● TASK
Exactly as they appear below, repeat the lines from the one with "1к в -комнатной квартире (17.4 м) - Фото 0" through the one with "onlayn B2B forumu", and no others.

** INFORMATION SUPPLIED follows **

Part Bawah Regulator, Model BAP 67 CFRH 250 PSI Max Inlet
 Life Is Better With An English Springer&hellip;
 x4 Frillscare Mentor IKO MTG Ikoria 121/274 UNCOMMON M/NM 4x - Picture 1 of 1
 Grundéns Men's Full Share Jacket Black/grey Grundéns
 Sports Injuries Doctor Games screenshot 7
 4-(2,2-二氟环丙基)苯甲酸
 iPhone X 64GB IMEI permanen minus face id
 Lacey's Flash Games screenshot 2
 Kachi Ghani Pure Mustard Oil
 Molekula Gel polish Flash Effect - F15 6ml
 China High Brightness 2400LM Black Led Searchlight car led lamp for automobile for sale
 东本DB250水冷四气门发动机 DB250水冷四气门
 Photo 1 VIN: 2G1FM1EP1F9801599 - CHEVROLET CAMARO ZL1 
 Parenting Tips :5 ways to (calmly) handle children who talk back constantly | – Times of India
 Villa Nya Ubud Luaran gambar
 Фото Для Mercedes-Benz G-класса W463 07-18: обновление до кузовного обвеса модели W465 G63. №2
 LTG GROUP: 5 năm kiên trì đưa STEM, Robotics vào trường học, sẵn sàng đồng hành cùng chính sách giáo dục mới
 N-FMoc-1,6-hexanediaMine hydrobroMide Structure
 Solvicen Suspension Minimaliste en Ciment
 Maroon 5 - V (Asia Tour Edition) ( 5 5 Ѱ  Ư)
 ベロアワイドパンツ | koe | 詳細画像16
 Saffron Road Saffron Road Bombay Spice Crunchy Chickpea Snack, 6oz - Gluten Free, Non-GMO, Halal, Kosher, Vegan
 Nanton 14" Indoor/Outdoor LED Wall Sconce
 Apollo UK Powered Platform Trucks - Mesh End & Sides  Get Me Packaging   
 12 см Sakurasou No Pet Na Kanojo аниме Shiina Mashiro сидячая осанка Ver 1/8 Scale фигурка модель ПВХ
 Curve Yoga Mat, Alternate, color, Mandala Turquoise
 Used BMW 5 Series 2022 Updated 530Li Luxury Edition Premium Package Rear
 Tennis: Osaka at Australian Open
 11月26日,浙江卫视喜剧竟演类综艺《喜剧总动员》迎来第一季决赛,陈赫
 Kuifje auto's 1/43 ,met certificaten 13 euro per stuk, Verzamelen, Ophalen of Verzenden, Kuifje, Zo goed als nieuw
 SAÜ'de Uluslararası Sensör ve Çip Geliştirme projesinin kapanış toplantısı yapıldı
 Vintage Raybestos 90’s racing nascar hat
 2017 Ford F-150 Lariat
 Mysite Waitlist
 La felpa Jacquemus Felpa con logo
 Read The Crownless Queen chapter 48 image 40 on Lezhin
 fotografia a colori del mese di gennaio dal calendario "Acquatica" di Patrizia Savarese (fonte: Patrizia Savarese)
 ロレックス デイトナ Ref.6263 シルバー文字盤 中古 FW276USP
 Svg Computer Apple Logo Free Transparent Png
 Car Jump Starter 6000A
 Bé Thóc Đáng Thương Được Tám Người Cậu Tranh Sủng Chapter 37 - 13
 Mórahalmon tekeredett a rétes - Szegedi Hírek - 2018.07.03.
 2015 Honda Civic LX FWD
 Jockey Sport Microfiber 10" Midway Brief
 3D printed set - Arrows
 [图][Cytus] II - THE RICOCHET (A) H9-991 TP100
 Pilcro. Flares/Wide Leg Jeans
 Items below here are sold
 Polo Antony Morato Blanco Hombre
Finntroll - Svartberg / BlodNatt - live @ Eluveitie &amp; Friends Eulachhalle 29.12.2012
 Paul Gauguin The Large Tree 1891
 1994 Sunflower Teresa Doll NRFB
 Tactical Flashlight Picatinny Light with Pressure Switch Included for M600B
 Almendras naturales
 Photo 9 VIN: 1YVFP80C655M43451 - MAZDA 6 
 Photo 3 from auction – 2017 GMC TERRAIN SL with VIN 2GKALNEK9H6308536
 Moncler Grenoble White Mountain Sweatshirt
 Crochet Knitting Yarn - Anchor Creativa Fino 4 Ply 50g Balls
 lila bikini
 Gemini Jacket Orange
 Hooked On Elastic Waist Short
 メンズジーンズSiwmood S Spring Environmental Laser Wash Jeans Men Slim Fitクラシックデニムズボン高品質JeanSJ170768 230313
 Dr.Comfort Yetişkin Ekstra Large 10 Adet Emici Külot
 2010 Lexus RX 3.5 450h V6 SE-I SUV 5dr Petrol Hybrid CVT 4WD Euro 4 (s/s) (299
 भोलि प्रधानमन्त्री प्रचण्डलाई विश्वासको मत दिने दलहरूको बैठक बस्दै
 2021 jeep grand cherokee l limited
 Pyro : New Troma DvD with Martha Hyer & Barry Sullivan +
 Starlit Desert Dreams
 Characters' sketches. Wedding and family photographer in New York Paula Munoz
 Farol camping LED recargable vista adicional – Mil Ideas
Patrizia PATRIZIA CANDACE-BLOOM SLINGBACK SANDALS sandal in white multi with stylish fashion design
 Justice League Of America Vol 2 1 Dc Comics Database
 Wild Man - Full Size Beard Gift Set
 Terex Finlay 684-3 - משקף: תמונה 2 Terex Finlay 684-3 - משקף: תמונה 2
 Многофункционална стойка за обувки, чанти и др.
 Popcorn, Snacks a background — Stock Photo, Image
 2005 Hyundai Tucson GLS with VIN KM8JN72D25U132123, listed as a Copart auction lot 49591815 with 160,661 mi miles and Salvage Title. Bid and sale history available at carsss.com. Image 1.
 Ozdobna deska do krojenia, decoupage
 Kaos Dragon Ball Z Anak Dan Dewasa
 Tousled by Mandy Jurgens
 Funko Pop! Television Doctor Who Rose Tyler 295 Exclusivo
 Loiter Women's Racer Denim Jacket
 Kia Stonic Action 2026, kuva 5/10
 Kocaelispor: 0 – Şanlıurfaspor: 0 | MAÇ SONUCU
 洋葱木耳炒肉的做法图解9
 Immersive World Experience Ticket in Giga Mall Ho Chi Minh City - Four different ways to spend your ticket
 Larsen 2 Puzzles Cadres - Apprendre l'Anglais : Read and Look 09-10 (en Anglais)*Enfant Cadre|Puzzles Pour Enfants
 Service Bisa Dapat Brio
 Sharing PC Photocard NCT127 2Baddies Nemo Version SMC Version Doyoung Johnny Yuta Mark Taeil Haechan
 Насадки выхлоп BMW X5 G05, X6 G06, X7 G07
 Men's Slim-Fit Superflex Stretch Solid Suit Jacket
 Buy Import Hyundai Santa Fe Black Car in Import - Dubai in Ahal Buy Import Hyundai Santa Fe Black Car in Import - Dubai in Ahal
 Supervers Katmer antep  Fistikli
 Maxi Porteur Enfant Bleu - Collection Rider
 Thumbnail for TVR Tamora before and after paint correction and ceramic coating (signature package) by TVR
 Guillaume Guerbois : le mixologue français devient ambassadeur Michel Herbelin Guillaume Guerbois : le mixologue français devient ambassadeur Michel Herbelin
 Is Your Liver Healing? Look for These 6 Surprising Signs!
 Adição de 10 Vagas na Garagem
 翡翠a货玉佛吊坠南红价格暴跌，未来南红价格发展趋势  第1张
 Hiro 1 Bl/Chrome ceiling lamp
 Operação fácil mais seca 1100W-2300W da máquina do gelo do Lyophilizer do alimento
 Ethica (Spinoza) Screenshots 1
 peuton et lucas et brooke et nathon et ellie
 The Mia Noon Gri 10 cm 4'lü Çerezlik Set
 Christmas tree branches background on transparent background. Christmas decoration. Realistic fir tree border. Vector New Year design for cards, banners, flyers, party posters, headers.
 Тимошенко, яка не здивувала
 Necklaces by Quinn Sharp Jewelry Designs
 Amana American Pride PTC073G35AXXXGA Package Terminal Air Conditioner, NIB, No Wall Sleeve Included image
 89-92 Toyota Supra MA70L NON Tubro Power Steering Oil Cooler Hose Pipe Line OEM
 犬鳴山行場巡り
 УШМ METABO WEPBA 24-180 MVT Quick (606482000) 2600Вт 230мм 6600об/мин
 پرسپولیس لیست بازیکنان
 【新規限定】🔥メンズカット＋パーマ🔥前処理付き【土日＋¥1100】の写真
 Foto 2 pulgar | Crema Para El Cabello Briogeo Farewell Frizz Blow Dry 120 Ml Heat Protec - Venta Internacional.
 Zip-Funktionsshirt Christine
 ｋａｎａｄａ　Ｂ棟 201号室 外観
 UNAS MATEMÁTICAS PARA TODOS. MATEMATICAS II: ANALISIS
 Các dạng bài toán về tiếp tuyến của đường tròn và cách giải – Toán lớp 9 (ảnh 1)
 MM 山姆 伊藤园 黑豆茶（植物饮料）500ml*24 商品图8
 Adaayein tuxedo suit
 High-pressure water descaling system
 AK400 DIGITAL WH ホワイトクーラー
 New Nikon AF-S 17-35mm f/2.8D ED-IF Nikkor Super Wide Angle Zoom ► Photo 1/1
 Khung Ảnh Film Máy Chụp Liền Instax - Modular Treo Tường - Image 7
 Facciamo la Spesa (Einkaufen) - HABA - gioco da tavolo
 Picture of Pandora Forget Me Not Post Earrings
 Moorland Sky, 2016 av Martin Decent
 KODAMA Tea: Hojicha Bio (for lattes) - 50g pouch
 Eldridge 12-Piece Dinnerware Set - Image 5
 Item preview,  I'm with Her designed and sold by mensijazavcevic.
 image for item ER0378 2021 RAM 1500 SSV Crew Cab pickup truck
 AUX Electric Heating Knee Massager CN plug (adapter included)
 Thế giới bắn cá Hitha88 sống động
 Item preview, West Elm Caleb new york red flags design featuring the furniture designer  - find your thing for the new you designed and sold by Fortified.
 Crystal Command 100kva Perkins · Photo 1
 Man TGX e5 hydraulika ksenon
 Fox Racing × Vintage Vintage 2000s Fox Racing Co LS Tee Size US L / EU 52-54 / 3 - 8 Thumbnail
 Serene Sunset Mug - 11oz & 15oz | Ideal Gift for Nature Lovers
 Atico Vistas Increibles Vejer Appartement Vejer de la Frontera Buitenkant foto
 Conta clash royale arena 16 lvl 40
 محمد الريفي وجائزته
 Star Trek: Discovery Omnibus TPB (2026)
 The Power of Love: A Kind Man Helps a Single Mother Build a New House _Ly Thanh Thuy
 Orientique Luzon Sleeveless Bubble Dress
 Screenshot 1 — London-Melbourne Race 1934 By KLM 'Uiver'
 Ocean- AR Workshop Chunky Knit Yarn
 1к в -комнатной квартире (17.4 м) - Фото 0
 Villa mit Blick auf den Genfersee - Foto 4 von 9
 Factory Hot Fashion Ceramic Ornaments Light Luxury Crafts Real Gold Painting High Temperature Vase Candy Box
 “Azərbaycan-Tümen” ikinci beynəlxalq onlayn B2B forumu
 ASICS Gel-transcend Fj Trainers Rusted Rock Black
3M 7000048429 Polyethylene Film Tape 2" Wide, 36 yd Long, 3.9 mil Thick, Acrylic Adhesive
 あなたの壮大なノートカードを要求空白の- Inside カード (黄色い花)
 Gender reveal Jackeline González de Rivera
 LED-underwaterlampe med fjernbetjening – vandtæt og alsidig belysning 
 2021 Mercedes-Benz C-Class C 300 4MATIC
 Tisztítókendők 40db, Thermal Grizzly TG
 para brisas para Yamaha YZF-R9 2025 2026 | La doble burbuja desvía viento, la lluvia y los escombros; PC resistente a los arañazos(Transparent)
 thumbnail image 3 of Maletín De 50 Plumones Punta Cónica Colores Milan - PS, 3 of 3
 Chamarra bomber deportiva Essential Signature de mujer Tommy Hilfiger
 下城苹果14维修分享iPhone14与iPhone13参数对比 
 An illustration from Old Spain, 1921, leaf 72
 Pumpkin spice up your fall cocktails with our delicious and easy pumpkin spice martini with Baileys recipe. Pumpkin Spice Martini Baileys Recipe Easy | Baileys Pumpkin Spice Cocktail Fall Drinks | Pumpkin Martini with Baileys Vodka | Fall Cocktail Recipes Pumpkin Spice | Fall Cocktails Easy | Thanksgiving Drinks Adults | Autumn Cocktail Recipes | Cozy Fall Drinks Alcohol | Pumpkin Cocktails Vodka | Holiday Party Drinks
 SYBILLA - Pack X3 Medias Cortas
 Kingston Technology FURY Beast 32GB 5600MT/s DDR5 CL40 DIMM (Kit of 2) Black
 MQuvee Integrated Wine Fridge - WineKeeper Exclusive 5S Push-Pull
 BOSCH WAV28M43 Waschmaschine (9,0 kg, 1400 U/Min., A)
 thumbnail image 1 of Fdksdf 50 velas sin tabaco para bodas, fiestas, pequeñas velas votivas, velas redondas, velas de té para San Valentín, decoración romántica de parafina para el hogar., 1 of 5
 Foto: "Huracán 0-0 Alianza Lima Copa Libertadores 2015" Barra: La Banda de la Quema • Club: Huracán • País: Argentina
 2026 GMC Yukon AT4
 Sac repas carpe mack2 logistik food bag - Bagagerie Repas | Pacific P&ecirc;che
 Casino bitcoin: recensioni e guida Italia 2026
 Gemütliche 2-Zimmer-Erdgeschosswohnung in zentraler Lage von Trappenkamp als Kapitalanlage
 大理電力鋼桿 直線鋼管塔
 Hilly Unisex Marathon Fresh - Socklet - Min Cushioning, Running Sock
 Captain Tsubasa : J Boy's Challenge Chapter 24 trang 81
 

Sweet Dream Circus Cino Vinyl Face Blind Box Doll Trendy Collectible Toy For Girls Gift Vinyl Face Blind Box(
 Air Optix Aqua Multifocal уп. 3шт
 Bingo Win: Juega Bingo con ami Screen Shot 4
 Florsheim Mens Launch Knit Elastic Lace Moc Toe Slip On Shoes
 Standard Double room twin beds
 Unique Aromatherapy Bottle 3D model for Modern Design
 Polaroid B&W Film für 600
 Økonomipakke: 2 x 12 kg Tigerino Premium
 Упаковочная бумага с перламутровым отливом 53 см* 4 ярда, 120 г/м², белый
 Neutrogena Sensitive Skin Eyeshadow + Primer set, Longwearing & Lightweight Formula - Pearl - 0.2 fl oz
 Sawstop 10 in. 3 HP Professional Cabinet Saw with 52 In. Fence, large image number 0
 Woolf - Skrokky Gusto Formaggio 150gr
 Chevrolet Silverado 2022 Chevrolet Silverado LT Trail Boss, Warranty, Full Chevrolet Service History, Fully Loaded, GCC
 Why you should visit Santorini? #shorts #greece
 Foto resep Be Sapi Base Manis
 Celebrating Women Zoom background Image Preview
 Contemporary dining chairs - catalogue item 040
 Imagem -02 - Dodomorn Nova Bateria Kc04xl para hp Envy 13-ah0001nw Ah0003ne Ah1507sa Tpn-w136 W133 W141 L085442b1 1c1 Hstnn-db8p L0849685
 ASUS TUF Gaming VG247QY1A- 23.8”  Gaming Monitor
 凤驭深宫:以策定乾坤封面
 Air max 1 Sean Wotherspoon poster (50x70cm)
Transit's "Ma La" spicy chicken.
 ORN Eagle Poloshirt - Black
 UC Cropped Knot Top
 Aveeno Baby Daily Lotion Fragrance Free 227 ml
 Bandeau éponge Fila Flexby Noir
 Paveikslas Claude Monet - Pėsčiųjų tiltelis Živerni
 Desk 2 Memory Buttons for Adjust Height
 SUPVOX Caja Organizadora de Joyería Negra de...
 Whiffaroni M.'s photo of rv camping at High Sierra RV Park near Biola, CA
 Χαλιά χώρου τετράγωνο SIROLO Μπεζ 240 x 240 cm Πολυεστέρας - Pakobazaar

** End of INFORMATION SUPPLIED **

● ANSWER BOX
 1к в -комнатной квартире (17.4 м) - Фото 0
 Villa mit Blick auf den Genfersee - Foto 4 von 9
 Factory Hot Fashion Ceramic Ornaments Light Luxury Crafts Real Gold Painting High Temperature Vase Candy Box
 “Azərbaycan-Tümen” ikinci beynəlxalq onlayn B2B forumu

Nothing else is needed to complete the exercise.